Now, imagine that some crazed neuroscientist has swapped your brain language with its opposite, so that Yes means No and No means Yes. In this circumstance, the physical state of your brain language is unchanged, but your consciousness picks up an entirely different meaning. So instead of “I need to run away from the tiger”, your thought is “I must prepare my tax return” or “I’m zoopdegooging my croodifroods” – or just a complete blank. The logical content of such thoughts is very different, but the underlying physical state is the same. Since the physical state of your thoughts is the same, wouldn’t you run away from the tiger in the same way?
The same applies to anything else you do. You spend hours putting together a budget to decide if you can afford a new house. In the end, you decide to buy. You do this because and only because your brain language is in a certain state. If you had been thinking about football the entire time, or not consciously thinking about anything at all, but the brain language encoding was the same, you still would’ve bought the house.
It’s the physical state of your neurons rather than their logical content that counts. That means that the logical content of your thoughts has nothing to do – and therefore has no causative power over your actions. It’s not that your thoughts are wrong; it’s more that your thoughts are entirely unnecessary, like a third elbow.

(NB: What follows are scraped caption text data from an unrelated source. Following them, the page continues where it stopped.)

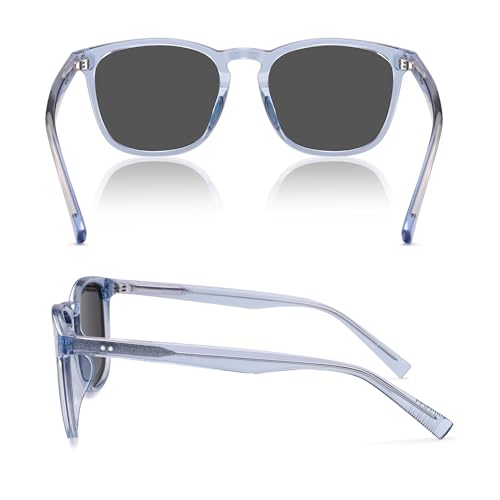 SOJOS Unisex Rounded Square Polarized Sunglasses TR90 Frame UV400 Protection Lightweight Retro for Women & Men - color: Blue/Grey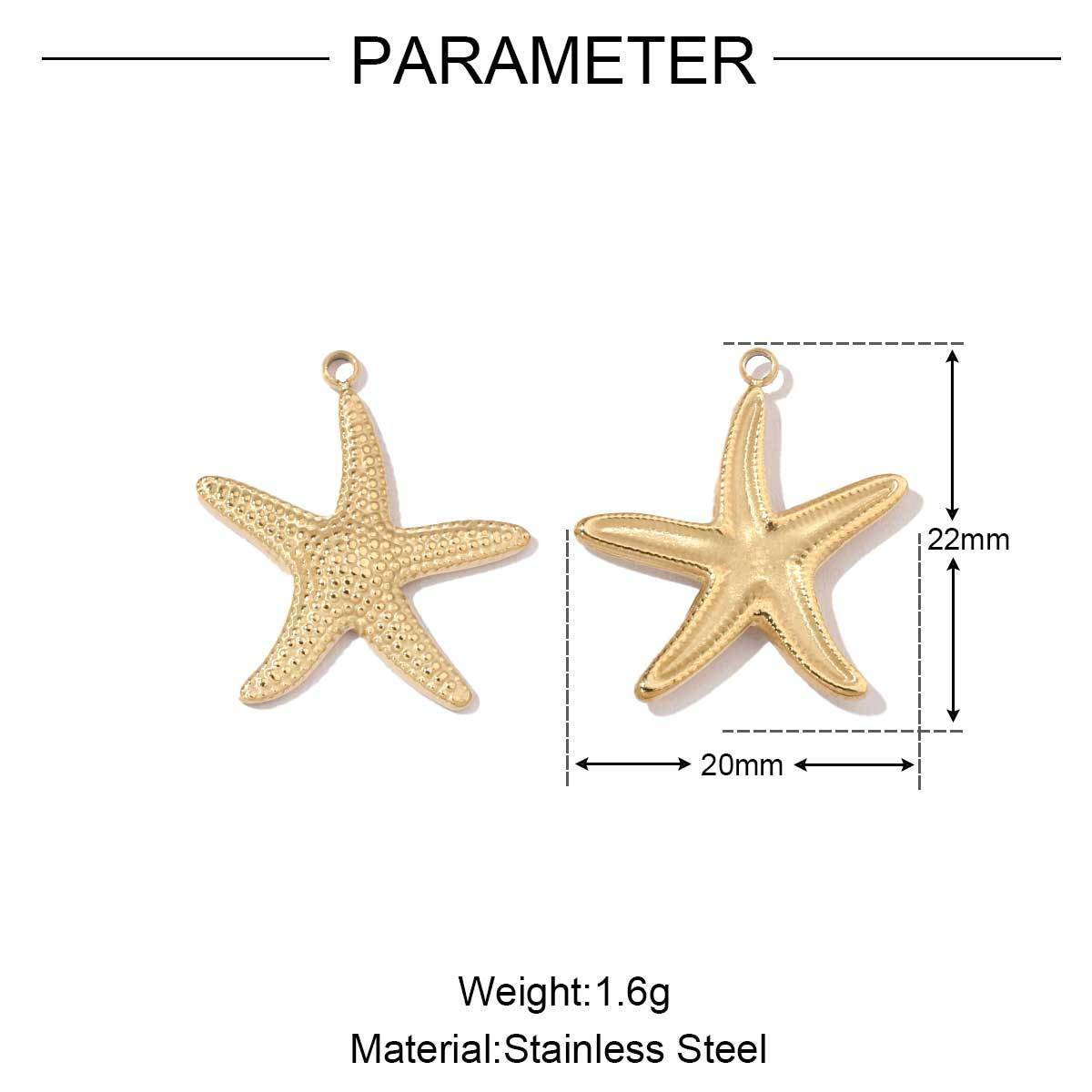 6pcs/pack Stainless Steel Mirror Polish Lobster Starfish Seahorse Charms For Necklace Bracelet Making DIY Accessories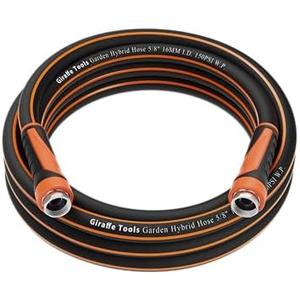 Giraffe Tools Garden Leader Hose 15ft x 5/8", Short Water Hose Heavy Duty, Flexible, Lightweight Hybrid Hose with Swivel Handle, Double Female Fittings, Burst 600 PSI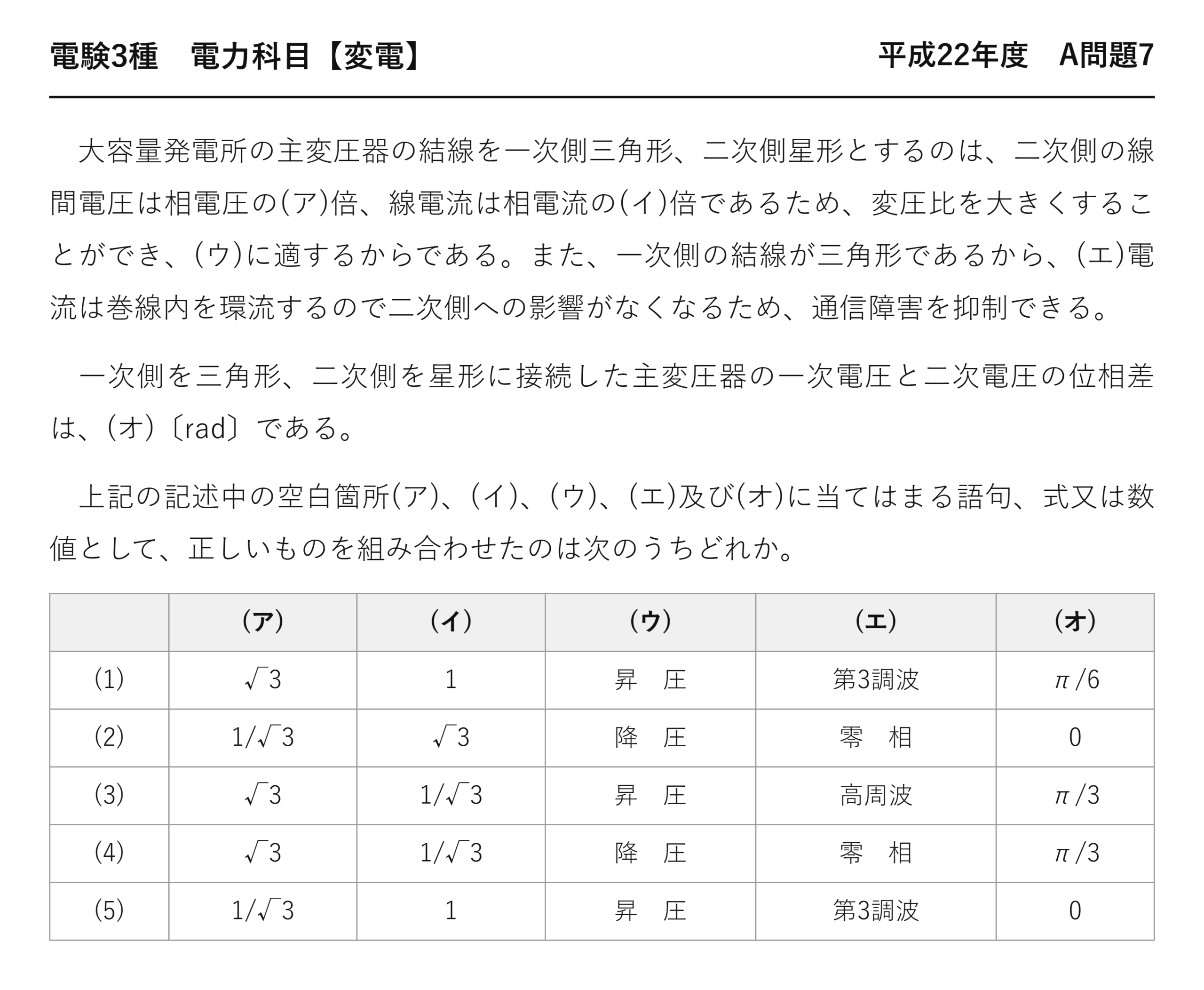 電験3種 電力科目 変電 平成22年度 A問題7 問題文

This has consequences. If the logical content of your thoughts is irrelevant, than your thought life is at best a passive observer, an illusion that makes you feel better about yourself but performs no useful function. Your experience of yourself as an active, thinking agent is false.

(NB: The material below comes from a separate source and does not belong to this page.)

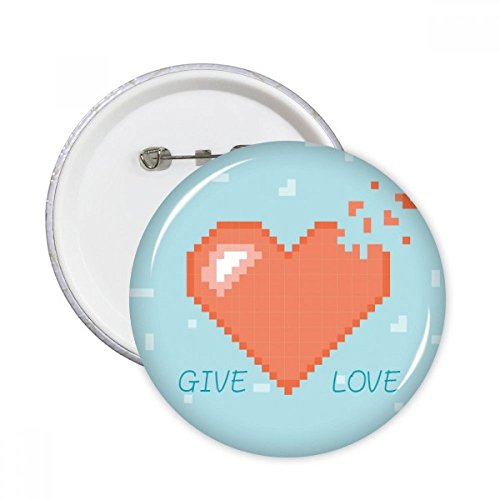 Badge Pixel Coeur Idée Cadeau Original Lot 5 Pins Bouton Rond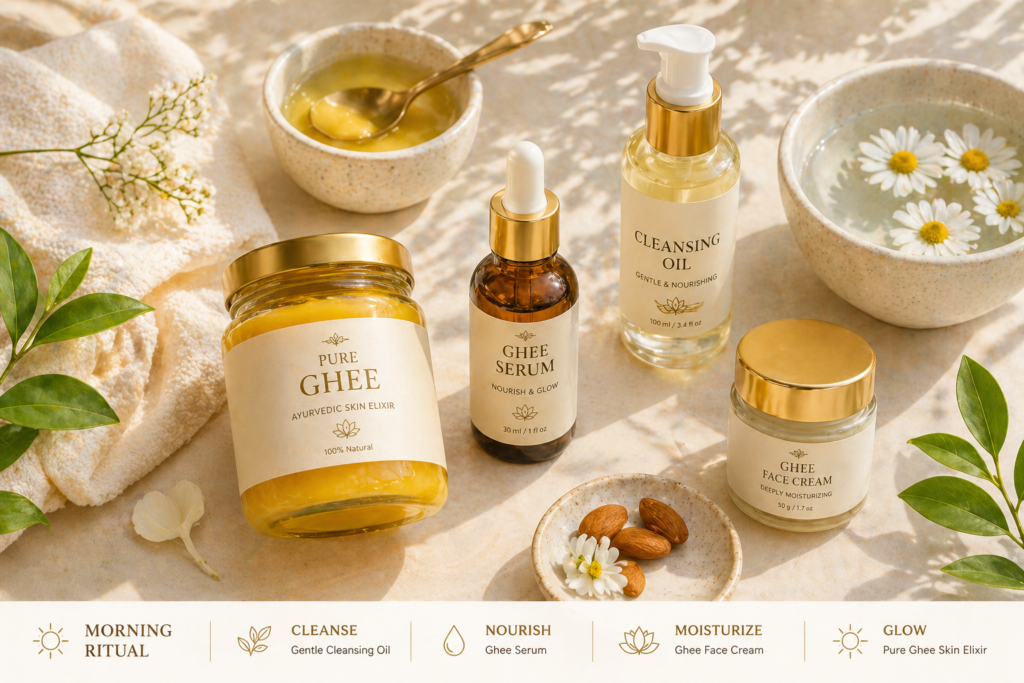 Natural Ayurvedic face ritual products including ghee serum for daily skincare routine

Also, it follows that rationality cannot possibly have evolved. Natural selection can act on the physical, but how could it act on the content of your thoughts if there is no causative link to your physical brain? For rationality to evolve, there must be a genuine causative link between behaviour and the logical content of your thoughts. So rationality didn’t evolve and must have come into existence some other way.
With natural selection unable to ensure quality, the materialist has two options – either rational thought is a miracle or freakish coincidence, or rational thought is an elaborate fantasy world and we must accept that it is an illusion.
Evolution and immateriality
What if materialism is not true? If the logical content of your thoughts is immaterial and somehow separate to your neurons, does that make it possible for rational thought to evolve? It depends.
If the logical content of your thoughts is a passive observer of your neurons or can bypass your neurons entirely, it will have no causative power and we are back where we started. If the logical content of your thoughts is separate to the structure of your mind and it’s the structure that does the work, there is nothing for the logical content to do and we are back where we started.
For natural selection to operate, the immaterial mind must have real power over the thinking process, rather than being a passive observer. It must be an intrinsic part of your brain as much as its physical aspect is; relying on the physical aspect of mind for its input data and using the physical aspect of mind to implement decisions it makes. Thus we have two-way mental causation – from the body to the mind and vice versa. Finally, the immaterial aspect of mind must be simple – it must be thought alone, rather than thought within a structure.
In conclusion, the concept of immateriality in mind has its advantages. It restores our faith in the theory of evolution by making the evolution of abstract thought possible, and restores our commonsense notion of being active, thinking agents.
To the Western mindset, talk of immateriality in mind seems strange and incomprehensible, but is this a reason to reject it? It is any stranger than what science tells us about quantum mechanics or black holes or many other topics? If science tells us that reality is strange and incomprehensible, on what basis can we insist that philosophy be normal?
It makes no sense to incorporate immateriality into an otherwise unchanged Western mindset; instead it is necessary to demolish the entire thing and rebuild from the ground up. I will discuss two non-materialist philosophies in future posts.
Is this an argument for God’s existence?
Some have used such considerations as an argument for God’s existence, but in my view this is a mistake. The existence of God is a separate issue and should be treated as such.
Natural Selection and the Emergence of Mind, by Karl Popper. He argues that natural selection requires two-way causation between mind and body.
The Argument From Reason. Victor Reppert discusses and expands on C.S. Lewis’s critique of materialism and natural selection.
Mental Causation at the Stanford Encyclopaedia Of Philosophy.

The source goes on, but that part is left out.